# GraspGPT 模型推理与生成

本notebook用于从checkpoint加载GraspGPT模型，加载sequence序列数据，并进行token生成预测。

## 1. 导入必要的库和模块

In [1]:
import os
import sys
import json
import time
from pathlib import Path
import numpy as np
import torch
import torch.nn as nn
import deepspeed
from deepspeed import comm as dist

# 设置路径并导入graspGPT模块
current_dir = os.getcwd()
sys.path.append(current_dir)
sys.path.append(os.path.join(current_dir, 'graspGPT'))

from graspGPT.model.model import graspGPT
from graspGPT.model.utils import CfgNode as CN
from graspGPT.model.token_manager import get_token_manager, decode_sequence, encode_sequence
from graspGPT.model.parser_and_serializer import Serializer, Parser,Seq
from graspGPT.model.core import generate_amodal_sequence
import random

print("模块导入完成")

[2025-09-29 18:51:22,931] [INFO] [real_accelerator.py:260:get_accelerator] Setting ds_accelerator to cuda (auto detect)

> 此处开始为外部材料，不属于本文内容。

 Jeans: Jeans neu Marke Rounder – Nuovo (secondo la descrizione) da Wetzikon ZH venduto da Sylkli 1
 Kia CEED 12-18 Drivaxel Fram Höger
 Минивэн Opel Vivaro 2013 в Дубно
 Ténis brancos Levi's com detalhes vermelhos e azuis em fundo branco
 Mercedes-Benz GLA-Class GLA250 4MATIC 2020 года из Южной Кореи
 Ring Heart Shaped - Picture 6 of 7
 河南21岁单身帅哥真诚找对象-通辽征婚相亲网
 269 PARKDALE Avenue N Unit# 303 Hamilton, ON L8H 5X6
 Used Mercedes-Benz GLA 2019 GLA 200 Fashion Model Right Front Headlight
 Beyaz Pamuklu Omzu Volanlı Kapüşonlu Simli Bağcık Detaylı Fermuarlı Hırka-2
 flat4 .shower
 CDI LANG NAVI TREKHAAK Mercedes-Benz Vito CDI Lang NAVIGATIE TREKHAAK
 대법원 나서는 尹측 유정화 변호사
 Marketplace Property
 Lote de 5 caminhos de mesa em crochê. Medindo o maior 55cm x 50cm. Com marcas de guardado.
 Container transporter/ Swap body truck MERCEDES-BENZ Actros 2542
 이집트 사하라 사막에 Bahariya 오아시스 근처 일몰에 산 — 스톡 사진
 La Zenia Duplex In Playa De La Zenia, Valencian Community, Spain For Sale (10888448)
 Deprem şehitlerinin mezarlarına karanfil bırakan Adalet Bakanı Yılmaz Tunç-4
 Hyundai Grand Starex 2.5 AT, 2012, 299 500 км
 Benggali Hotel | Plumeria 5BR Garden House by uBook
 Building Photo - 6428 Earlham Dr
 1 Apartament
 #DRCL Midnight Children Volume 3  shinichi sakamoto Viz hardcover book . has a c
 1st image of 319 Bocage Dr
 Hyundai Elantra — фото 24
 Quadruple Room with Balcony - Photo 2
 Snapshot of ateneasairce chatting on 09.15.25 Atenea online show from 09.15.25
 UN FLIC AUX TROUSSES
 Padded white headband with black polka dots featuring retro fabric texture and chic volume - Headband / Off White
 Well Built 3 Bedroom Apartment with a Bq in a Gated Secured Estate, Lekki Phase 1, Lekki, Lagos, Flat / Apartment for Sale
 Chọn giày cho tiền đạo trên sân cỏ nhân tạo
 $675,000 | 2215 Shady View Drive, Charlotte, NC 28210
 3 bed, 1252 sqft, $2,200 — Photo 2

/home/wuminye/miniconda3/envs/grasp/compiler_compat/ld: cannot find -laio: No such file or directory
collect2: error: ld returned 1 exit status
/home/wuminye/miniconda3/envs/grasp/compiler_compat/ld: cannot find -lcufile: No such file or directory
collect2: error: ld returned 1 exit status


[2025-09-29 18:51:25,495] [INFO] [logging.py:107:log_dist] [Rank -1] [TorchCheckpointEngine] Initialized with serialization = False
模块导入完成


## 2. 配置参数

In [2]:
# 设置参数
checkpoint_path = "output/checkpoints/amodal"  # 修改为实际的checkpoint路径
sequence_file = "output/scene_0000_objects_merged_aligned_seq.pth"  # 修改为align_coords.py生成的pth文件路径
deepspeed_config_path = "deepspeed_config.json"  # DeepSpeed配置文件路径

# 生成参数
max_new_tokens = 2000
temperature = 0.3
do_sample = True
top_k = None
num_sequences = 1
seed = 42

# 设置随机种子
torch.manual_seed(seed)
if torch.cuda.is_available():
    torch.cuda.manual_seed(seed)

print(f"Checkpoint路径: {checkpoint_path}")
print(f"序列文件路径: {sequence_file}")
print(f"生成参数: max_new_tokens={max_new_tokens}, temperature={temperature}")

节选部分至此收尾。